Pdt. Japarlin membuat tulisan menarik dan patut direnungkan seputar hoaks ini sembari mengutip ayat Alkitab. “Bilangan 13:32-33, ‘Juga mereka menyampaikan kepada orang Israel kabar busuk tentang negeri yang diintai mereka, dengan berkata: ‘Negeri yang kami lalui untuk diintai adalah suatu negeri yang memakan penduduknya, semua orang yang kami lihat di sana adalah orang-orang yang tinggi-tinggi perawakannya. Juga kami lihat di sana orang-orang raksasa, orang Enak yang berasal dari orang-orang raksasa, dan kami lihat diri kami seperti belalang, dan demikian juga mereka terhadap kami’.”_
Menurut Pdt. Japarlin, berita busuk adalah berita tidak benar atau tidak sesuai dengan faktanya dan melemahkan hati orang yang menerimanya. Berita ini bisa terjadi, apabila orang yang menyampaikannya tidak memahami dengan benar tentang apa yang disampaikannya serta akibat yang akan terjadi. Bisa juga orang yang menyampaikan berita tersebut mempunyai maksud atau tujuan tertentu, umpamanya ingin memperkeruh dan mengacaukan suasana masyarakat yang mendengarnya.

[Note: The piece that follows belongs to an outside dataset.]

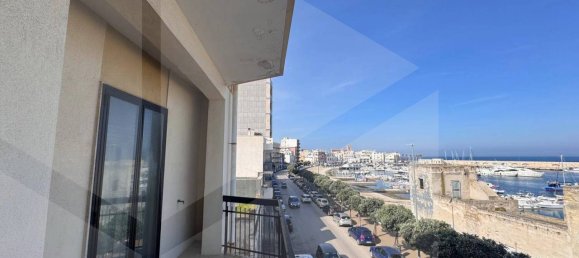 Apartamento de 8 habitaciónes en Mola di Bari, Italy No. 20990 28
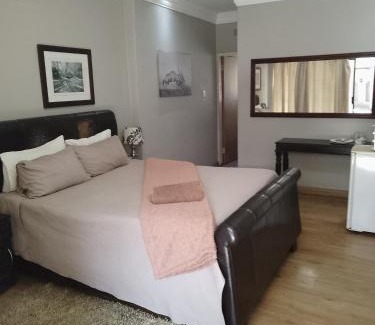 Vanderbijlpark House | Buna Manzi Holdings Guesthouse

Hal yang serupa pun dialami Musa dan bangsa Israel. “Ketika Musa mengutus 12 pengintai ke tanah perjanjian yang dijanjikan Allah kepada mereka. Dua belas pengintai ini, melakukan tugas dengan cukup berhasil, dan melaporkan apa adanya. Namun sayangnya dari 10 pengintai yang menyampaikan, berita tersebut tidak membangun, malahan melemahkan hati bangsa Israel yang mendengarnya. Lalu kemudian Kaleb dan Yosua mencoba menenteramkan hati mereka,” tulisnya.
“Untuk itulah sebagai umat pilihan, berhati-hatilah dalam menyampaikan suatu pesan kepada sesama, biarlah pesan disampaikan itu membangun dan bukan mematahkan semangat (Amsal 17:22),” tulisnya. Benar yang disampaikan Pdt. Japarlin bahwa pesan atau berita yang disampaikan kepada sesama mestinya bermuatan positif. Dan tidak membuat ketakutan atau gaduh. Sadar atau tidak sadar, bahwa sesungguhnya berita negatif atau hoaks itu sebenarnya bisa membunuh dan bersifat destruktif. Dan berita baik sejatinya, seperti ajaran Yesus Kristus haruslah terus disampaikan agar yang menerima berita ini pun mendapat energi positif. Semoga.